- Born: 4 September 1854 Dublin
- Died: 7 May 1934 (aged 79) Dublin, Ireland

= Isabella Mulvany =

Irish educator (1854–1934)

Isabella Maria Jane Mulvany (4 September 1854 – 7 April 1934) was one of the Nine Graces, the first nine women to graduate from university with a degree in either Great Britain or Ireland. She was a pioneer in women's education. She was the head of Alexandra School which prepared girls for entry to Alexandra College.

==Biography==
Mulvany was born September 1854 on 7 Clanbrassil Terrace in Dublin to Christopher and Isabella Mulvany (née Fowler). Her father was a civil engineer for the Grand Canal Company. Mulvany was educated at home until she was fourteen when she was sent to Alexandra School where she excelled. In 1875 she became secretary to the founder and headmistress, Mrs Anne Jellicoe. In 1880 Mulvany took over as head Mistress for the school which was seven years old. The school was a prep school for Alexandra College. She graduated from the Royal University of Ireland with a BA in 1884.

She continued as head mistress of the Alexandra School. Mulvany became president of the Irish Association of Women Graduates. She wrote a paper and emphasised the importance of the Intermediate Examinations on girls' education and supported girls being put forward to take this examination.

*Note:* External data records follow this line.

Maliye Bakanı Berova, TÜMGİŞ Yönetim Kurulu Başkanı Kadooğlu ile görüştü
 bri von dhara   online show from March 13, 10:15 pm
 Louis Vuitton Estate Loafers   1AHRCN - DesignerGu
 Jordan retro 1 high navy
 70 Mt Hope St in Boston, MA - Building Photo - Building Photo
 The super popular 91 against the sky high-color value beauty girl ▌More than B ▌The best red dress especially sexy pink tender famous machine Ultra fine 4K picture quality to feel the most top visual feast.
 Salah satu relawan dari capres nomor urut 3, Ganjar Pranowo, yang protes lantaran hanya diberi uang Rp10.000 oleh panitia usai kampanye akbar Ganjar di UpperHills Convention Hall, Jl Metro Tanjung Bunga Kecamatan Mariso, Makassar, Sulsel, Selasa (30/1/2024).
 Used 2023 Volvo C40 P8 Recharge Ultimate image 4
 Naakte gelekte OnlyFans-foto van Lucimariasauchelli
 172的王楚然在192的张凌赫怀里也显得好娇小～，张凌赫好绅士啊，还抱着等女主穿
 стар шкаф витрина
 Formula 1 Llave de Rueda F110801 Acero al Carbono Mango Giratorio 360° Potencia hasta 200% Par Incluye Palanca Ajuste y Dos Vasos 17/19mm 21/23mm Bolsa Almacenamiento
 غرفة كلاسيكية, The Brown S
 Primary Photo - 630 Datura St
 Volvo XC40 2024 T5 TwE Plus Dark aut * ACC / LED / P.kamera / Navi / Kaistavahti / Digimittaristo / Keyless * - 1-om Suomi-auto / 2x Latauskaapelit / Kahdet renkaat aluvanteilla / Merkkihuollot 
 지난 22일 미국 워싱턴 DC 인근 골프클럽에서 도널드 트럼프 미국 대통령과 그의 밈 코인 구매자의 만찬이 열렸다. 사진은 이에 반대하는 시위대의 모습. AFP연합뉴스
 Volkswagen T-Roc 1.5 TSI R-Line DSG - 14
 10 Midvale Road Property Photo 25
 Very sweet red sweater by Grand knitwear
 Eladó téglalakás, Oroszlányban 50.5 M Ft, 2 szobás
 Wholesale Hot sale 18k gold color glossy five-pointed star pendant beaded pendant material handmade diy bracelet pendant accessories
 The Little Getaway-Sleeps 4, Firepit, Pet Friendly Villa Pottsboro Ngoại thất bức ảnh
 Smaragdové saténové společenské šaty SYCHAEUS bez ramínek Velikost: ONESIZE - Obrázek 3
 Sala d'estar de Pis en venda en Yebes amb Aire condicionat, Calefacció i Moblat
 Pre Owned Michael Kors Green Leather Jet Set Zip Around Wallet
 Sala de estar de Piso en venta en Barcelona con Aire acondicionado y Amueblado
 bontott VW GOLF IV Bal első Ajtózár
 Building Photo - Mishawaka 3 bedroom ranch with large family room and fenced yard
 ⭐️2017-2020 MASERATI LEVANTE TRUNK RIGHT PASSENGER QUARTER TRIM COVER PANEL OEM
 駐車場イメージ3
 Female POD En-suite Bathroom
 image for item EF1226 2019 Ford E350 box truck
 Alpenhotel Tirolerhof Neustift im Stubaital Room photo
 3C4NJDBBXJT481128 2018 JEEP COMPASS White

In 1904, Trinity College, Dublin, awarded honorary degrees to three leading Irish women: Isabella Mulvany, President of the Irish Association of Women Graduates; Sophie Bryant, principal of North London Collegiate School; and Jane Barlow, novelist and author of Irish Idylls.

University College Dublin was the last holdout to admitting women students, and Mulvany was one of those leading the movement to get this changed.

She has been seen as a major influence on several of Ireland's leading feminists, revolutionaries and pioneers like Mary Hayden, Alice Oldham and Kathleen Lynn. She remained the principal of Alexandra for 47 years. Trinity College awards the Isabella Mulvany scholarship, founded in 1928 by subscription, to a pupil of Alexandra College, for two years.